Posted 09-23-2011 at 03:42 PM by color0
Updated 09-26-2011 at 05:15 PM by color0
Last week I had a conversation with fellow SoCal Z racer mugler about tuning the downtravel on the top shock of a pan car chassis -- as you might imagine our conversation was very related to my previous post here about the downstop adjustments on the PN and Kyosho shocks. I tried my best to explain why and how the downtravel adjustment works and my reply is repasted below.

Originally Posted by color0
When you brake for a corner, the weight transfers towards the front, this we know; but the amount that gets transferred forwards is dependent on both the front and the rear wheels, and we also have to make a distinction between weight and dynamic loading.
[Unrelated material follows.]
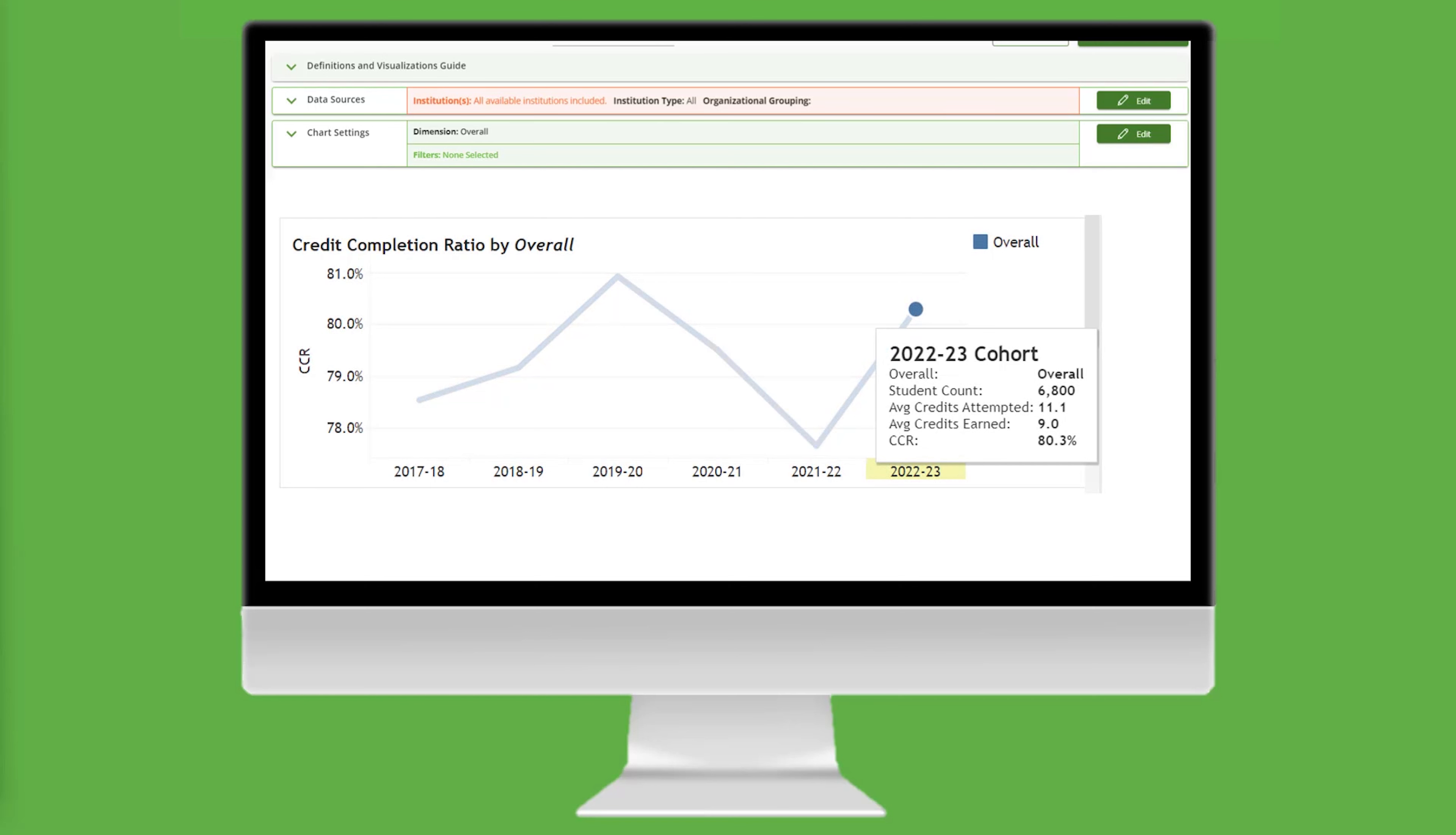this student population attempts 11.1 credits in an academic year and earns 9 credits for a credit completion ratio of 80.3%. What else can we learn about this student population?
Say you have 0 downtravel -- full extension of the rear pod is the resting ride height. There's some weight on the rear wheels, and some weight on the front wheels. But the moment that weight begins to shift to the front, the downstop limiter will pick up the rear wheels off the ground, resulting in all of the car's dynamic load on the front wheels and 0 load on the rears. The weight hasn't shifted a whole lot though: action = reaction, so the full load on the front wheels means that the ground will push the car's weight back up through the front tires. Since the front wheels lie ahead of the car's CG, the net result is that the ground is pushing the car back to level, very hard. So a car with 0 downtravel will experience high load fluctuations on the tires (from full car weight to 0 car weight), but will corner very flat. The high load but low weight-shift on the front tires creates lots of front bite, and the zero load on the rear tires means you drift into the corner.

When you put a rebound spring on like the PN damper, you're still limiting the amount that the rear wheels can come up before they leave the ground, however, there's a middle ground in between where the rear tires are partially loaded, thanks to the rebound spring pulling the rear wheels up a little bit, but not all the way unlike a downstop would. So, when you brake, then a large majority of the load will go to the front wheels... but not all of it, since now your rears are still on the ground (just barely). Accordingly, more weight is allowed to shift to the front, but just barely. As a result, turn-in front bite is mildly reduced vs. a downstop arrangement, and rear grip is mildly increased since your rear tires are no longer leaving the ground as easily (they still might!) under braking.

When you leave the thing willy-nilly (no downstop at all), the rear suspension is free to extend as it pleases (spring action) or as gravity pleases. This means that the rear tires almost never leave the ground, and thus you get maximum rear traction. On the other hand, you will also allow more weight to shift to the front, which reduces turn-in performance since you're no longer taking load off of the rear wheels to give to the fronts, AND you're giving them more weight burden to cope with.

This is, of course, only smooth-track theory. On bumpy tracks, having a hard downstop and 0 downtravel is usually bad since the rear wheels will leave the ground on bumps as well as under braking. Hence why you see me use the PN top shock more often than the Kyosho. A rebound spring is IMO the optimal way to balance bump handling with turn-in response, since the black-and-white boundary of downstop tuning often leads to inconsistent handling: the rear wheels might leave the ground in one corner, but not for the next -- I noticed this a LOT this month at Inside Line, it's no longer predictable and precise like my old Kenon setup and I somewhat regret giving EMU my PN top shock.

I have one legitimate usage for a no-downstop rear shock setup, and that's the MRCG. I don't even understand the magic but the MRCG creates stupid amounts of steering up front, and can overwhelm the rear unless I artifically keep the rears on the road using infinite downtravel. I can get away with the increased weight transfer because the MRCG is super, super low.